[Brief descriptive captions]
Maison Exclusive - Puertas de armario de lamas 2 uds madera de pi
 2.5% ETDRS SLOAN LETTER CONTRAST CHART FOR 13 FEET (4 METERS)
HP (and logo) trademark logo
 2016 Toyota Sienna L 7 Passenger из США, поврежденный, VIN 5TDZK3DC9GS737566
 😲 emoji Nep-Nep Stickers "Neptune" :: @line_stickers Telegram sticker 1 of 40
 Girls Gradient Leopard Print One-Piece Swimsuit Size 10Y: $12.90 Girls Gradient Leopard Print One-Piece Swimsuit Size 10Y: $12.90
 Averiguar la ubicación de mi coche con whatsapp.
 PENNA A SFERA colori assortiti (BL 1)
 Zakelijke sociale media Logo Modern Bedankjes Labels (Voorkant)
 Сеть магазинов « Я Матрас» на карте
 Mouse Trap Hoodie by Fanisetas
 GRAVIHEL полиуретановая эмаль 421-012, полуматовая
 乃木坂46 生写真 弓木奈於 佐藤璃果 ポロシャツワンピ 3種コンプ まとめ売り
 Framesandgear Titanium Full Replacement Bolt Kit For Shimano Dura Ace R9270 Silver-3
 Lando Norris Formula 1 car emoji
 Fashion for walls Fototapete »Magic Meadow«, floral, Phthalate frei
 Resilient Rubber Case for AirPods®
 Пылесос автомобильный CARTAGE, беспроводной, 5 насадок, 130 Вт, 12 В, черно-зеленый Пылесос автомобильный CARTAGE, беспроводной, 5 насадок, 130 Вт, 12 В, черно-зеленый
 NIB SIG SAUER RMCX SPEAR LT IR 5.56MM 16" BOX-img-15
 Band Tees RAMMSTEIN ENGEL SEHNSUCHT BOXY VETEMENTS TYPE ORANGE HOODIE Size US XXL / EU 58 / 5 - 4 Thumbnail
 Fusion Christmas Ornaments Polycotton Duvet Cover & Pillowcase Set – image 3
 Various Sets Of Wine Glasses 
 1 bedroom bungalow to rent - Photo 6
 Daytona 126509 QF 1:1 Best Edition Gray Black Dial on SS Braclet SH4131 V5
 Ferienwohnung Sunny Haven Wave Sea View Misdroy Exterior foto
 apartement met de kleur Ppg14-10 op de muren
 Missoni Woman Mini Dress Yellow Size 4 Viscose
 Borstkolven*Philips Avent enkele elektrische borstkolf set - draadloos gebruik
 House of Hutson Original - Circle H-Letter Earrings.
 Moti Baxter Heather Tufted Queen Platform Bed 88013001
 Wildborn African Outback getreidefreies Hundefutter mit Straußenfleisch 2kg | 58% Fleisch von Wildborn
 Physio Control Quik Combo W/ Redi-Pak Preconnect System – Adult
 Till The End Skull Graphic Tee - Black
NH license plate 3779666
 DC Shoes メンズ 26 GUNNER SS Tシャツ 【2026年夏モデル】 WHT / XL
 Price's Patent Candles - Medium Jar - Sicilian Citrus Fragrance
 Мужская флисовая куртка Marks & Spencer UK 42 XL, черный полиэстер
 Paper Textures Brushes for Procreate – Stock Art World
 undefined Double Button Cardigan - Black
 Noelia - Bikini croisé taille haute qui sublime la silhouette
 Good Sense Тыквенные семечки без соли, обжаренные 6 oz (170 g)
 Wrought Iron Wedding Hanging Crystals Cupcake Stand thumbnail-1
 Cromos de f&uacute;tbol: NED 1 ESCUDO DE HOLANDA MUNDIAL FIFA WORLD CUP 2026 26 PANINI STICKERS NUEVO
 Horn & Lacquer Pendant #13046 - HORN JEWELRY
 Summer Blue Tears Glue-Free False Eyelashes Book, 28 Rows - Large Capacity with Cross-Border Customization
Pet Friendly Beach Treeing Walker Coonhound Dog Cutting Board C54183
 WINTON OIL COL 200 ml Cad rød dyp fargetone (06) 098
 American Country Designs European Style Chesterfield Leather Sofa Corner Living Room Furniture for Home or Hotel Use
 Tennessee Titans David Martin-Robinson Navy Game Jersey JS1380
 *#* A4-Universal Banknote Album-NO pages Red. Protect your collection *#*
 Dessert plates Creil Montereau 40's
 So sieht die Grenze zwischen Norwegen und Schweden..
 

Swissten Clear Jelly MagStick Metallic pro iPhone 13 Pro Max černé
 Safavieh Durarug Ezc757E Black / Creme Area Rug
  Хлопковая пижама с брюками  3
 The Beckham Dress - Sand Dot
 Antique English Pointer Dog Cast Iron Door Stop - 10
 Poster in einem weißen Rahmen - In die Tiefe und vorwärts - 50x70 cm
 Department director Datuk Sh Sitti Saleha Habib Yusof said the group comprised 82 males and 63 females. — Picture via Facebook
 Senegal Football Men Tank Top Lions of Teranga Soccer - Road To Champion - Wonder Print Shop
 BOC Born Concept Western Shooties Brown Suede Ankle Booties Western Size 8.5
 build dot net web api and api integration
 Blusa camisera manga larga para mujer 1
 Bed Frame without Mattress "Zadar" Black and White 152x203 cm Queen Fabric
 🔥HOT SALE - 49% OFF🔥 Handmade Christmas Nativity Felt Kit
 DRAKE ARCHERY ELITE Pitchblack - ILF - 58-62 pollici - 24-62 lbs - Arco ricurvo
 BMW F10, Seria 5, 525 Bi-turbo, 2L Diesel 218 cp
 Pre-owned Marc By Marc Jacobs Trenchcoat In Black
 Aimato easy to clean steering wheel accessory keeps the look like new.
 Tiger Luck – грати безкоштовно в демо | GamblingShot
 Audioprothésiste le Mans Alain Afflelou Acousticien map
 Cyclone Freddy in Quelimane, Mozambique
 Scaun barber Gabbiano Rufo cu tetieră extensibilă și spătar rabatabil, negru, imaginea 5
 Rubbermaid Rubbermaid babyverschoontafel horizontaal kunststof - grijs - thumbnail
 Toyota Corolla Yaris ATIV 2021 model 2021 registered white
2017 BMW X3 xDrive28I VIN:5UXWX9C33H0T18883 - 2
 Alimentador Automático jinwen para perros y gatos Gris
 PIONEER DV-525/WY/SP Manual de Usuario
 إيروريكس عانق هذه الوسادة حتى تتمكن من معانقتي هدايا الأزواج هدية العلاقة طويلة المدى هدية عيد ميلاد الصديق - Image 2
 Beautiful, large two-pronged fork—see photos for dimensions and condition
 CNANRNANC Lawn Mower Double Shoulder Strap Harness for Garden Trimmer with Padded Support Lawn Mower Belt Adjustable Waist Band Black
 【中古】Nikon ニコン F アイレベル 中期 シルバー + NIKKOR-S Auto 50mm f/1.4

-- Problem statement --
Once you reach the line with "DRAKE ARCHERY ELITE" in the data above, copy it and every line after it exactly, up to and including the line with "PIONEER DV-525/WY/SP Manual de Usuario".

-- Exercise answer --
 DRAKE ARCHERY ELITE Pitchblack - ILF - 58-62 pollici - 24-62 lbs - Arco ricurvo
 BMW F10, Seria 5, 525 Bi-turbo, 2L Diesel 218 cp
 Pre-owned Marc By Marc Jacobs Trenchcoat In Black
 Aimato easy to clean steering wheel accessory keeps the look like new.
 Tiger Luck – грати безкоштовно в демо | GamblingShot
 Audioprothésiste le Mans Alain Afflelou Acousticien map
 Cyclone Freddy in Quelimane, Mozambique
 Scaun barber Gabbiano Rufo cu tetieră extensibilă și spătar rabatabil, negru, imaginea 5
 Rubbermaid Rubbermaid babyverschoontafel horizontaal kunststof - grijs - thumbnail
 Toyota Corolla Yaris ATIV 2021 model 2021 registered white
2017 BMW X3 xDrive28I VIN:5UXWX9C33H0T18883 - 2
 Alimentador Automático jinwen para perros y gatos Gris
 PIONEER DV-525/WY/SP Manual de Usuario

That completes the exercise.